The Hawker Hunter had a canopy close enough to a bubble that I would give it that credit.
I believe the MiG 21 and others of that era were designed with the idea that maneuvering combat was obsolete and that aircraft were just launch platforms to be vectored in by radar and weapons would be launched beyond visual range anyway.
If you think about it, they were not alone. The Jaguar, Tornado, Mirage, English Electric Lightning, and most of the century series had canopies that were not so good for rear vision.

- Ivan.


----------



## GrauGeist (Oct 15, 2018)

The P-36 was considered by many pilots to be a wonderful handling aircraft and it has the distinction of being the first U.S. fighter to bring down a Japanese fighter (A6M2) of the Pacific war.

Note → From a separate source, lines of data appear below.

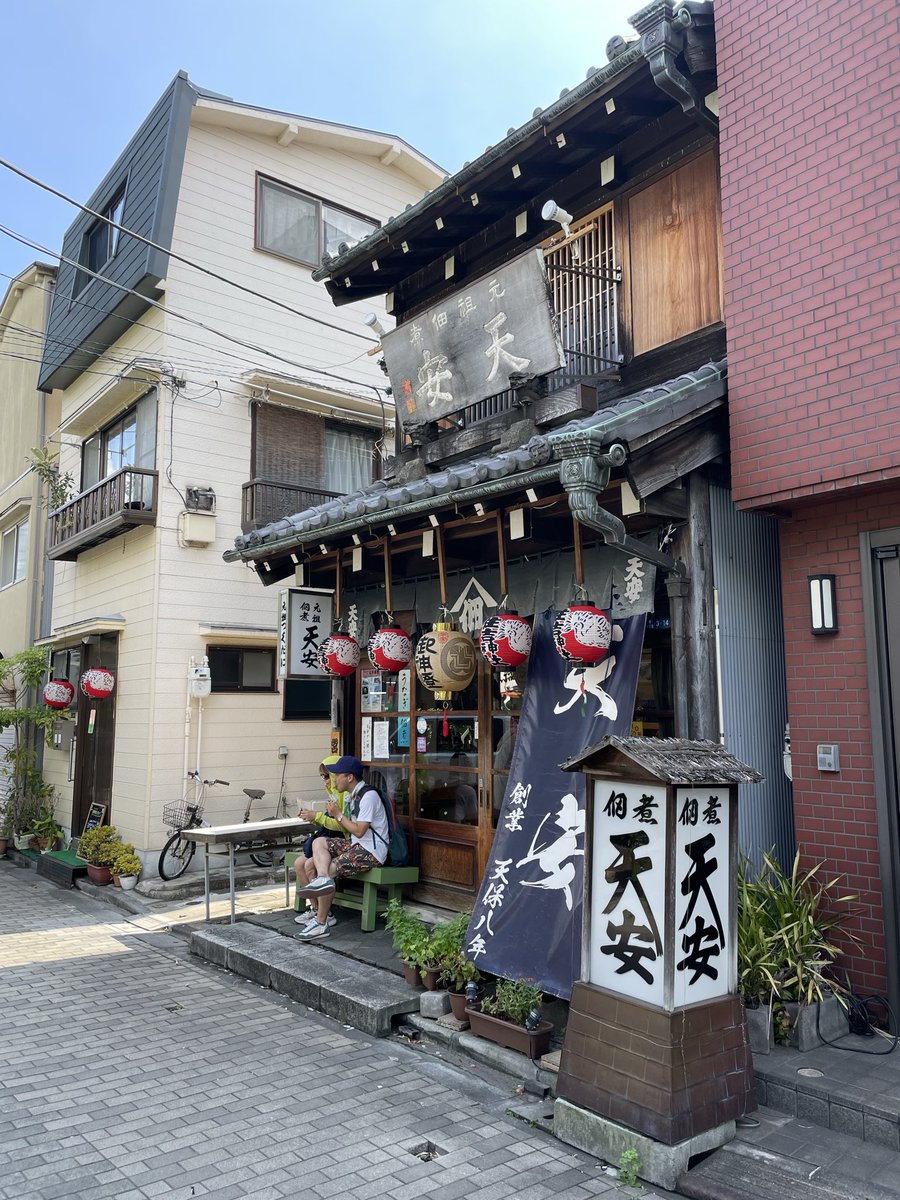 kanawa0809's tweet photo. 今日は佃煮が食べたくなって佃島の天安さんに来ました😃 https://t.co/aMuAgSAF5Z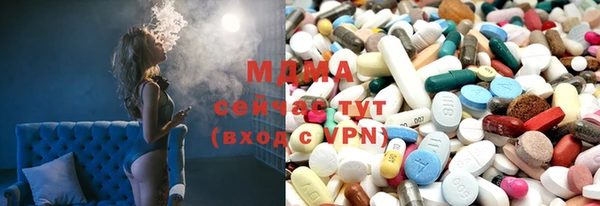 кокс Бронницы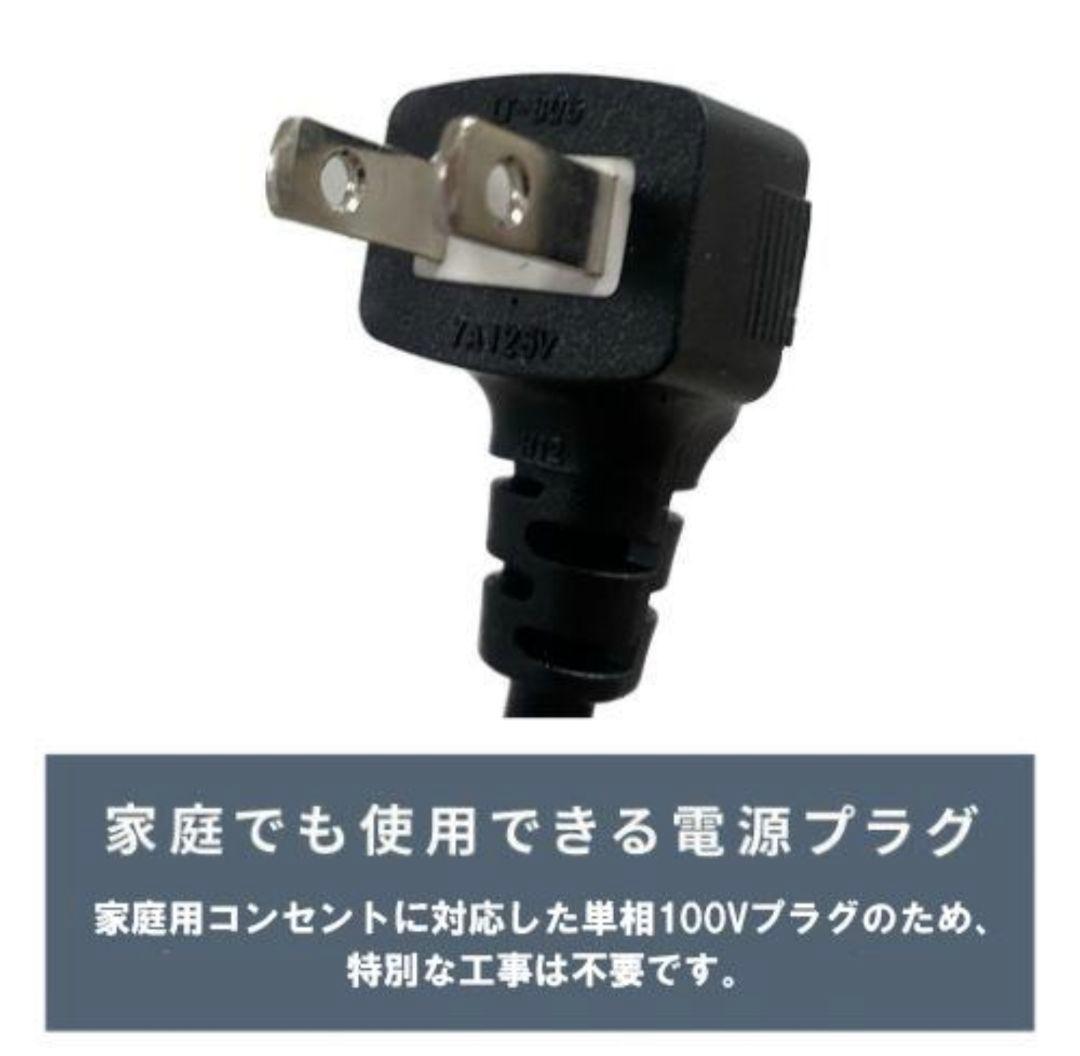 冷凍ショーケース 263L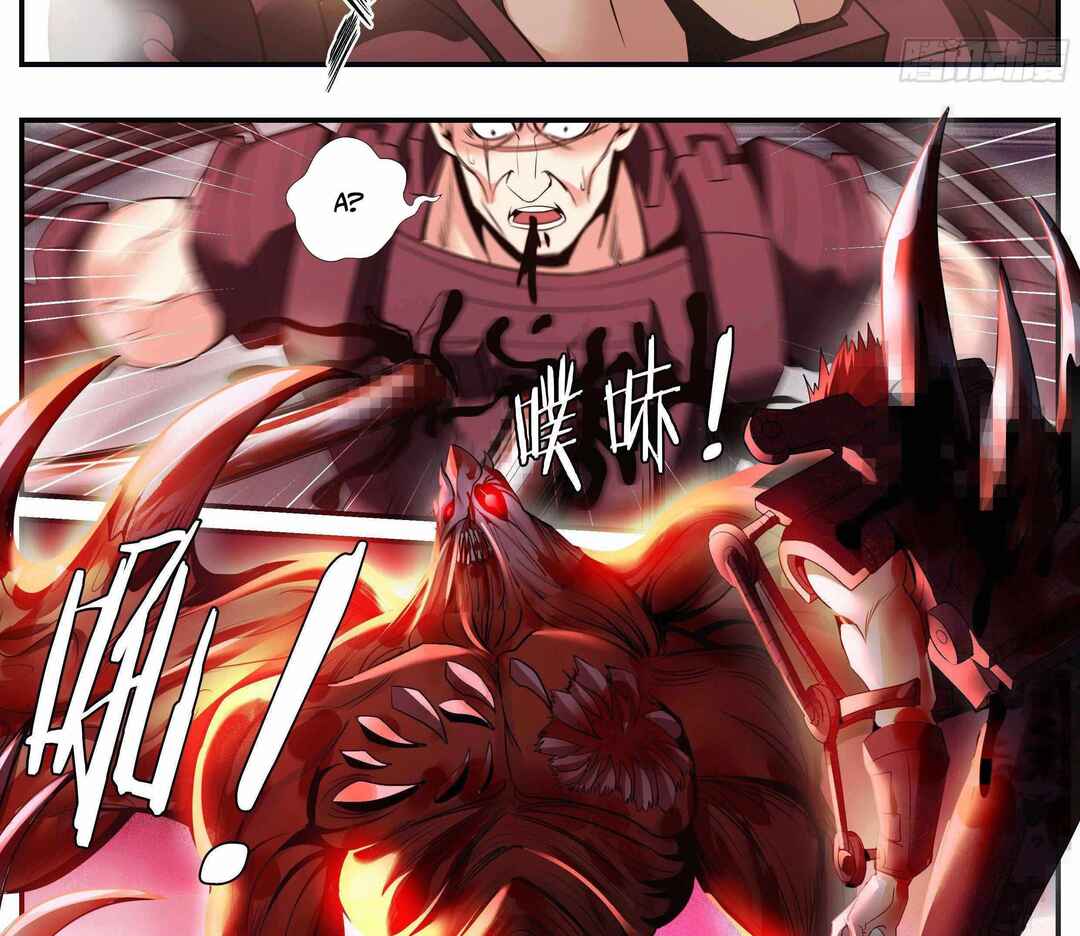 Xìtǒng Sòng Wǒ Bìnànsuǒ Chapter 137 - Page 12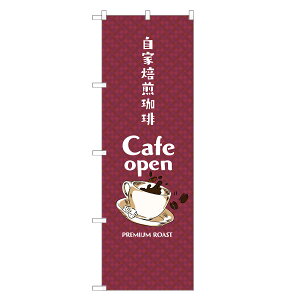 ̂ڂ   ̂ڂ | R[q[ coffee | lOD F21-0009B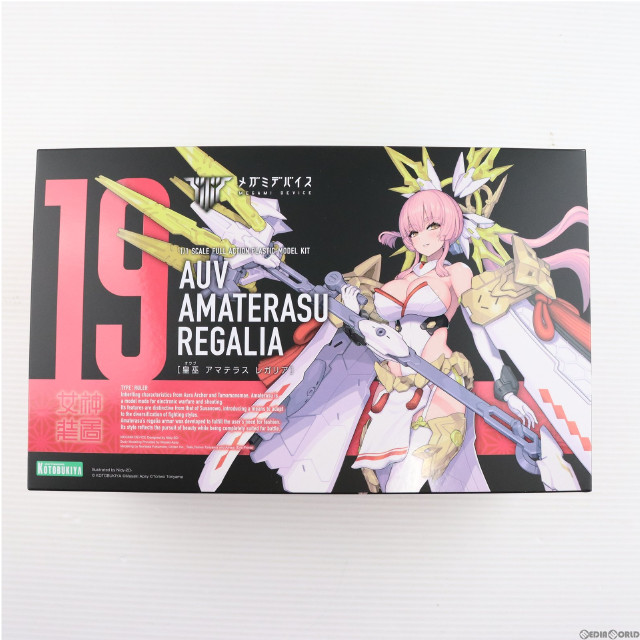 [PTM]コトブキヤショップ限定特典付属 メガミデバイス 1/1 皇巫(オウブ) アマテラス レガリア プラモデル(KP698) コトブキヤ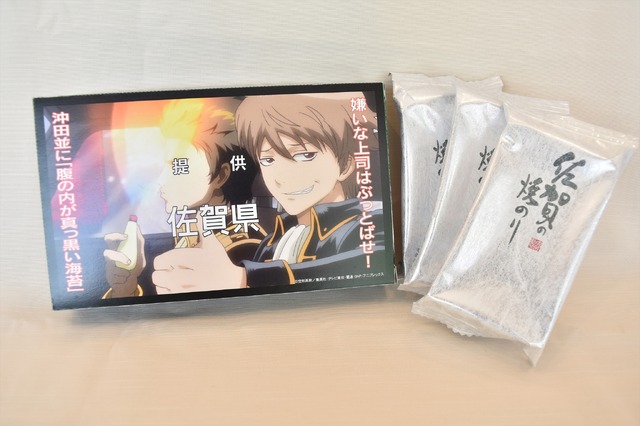 佐賀県×銀魂「佐賀春プロジェクト」腹の内が真っ黒い海苔 1箱 800円（税込）(C)空知英秋／集英社・テレビ東京・電通・BNP・アニプレックス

This brings me to a point to consider - what were the qualifications of the pilots who made the fighter (any fighter) what it was?

When the U.S. went to war, their pilots were inexperienced, trained in old tactics that hadn't been proven since WWI and often times, these un-tried pilots were pitted against combat experienced adversaries.

Reactions: Agree Agree:
2 | Like List reactions


----------



## jetcal1 (Oct 15, 2018)

GrauGeist said:


> The P-36 was considered by many pilots to be a wonderful handling aircraft and it has the distinction of being the first U.S. fighter to bring down a Japanese fighter (A6M2) of the Pacific war.
> 
> This brings me to a point to consider - what were the qualifications of the pilots who made the fighter (any fighter) what it was?
> 
> When the U.S. went to war, their pilots were inexperienced, trained in old tactics that hadn't been proven since WWI and often times, these un-tried pilots were pitted against combat experienced adversaries.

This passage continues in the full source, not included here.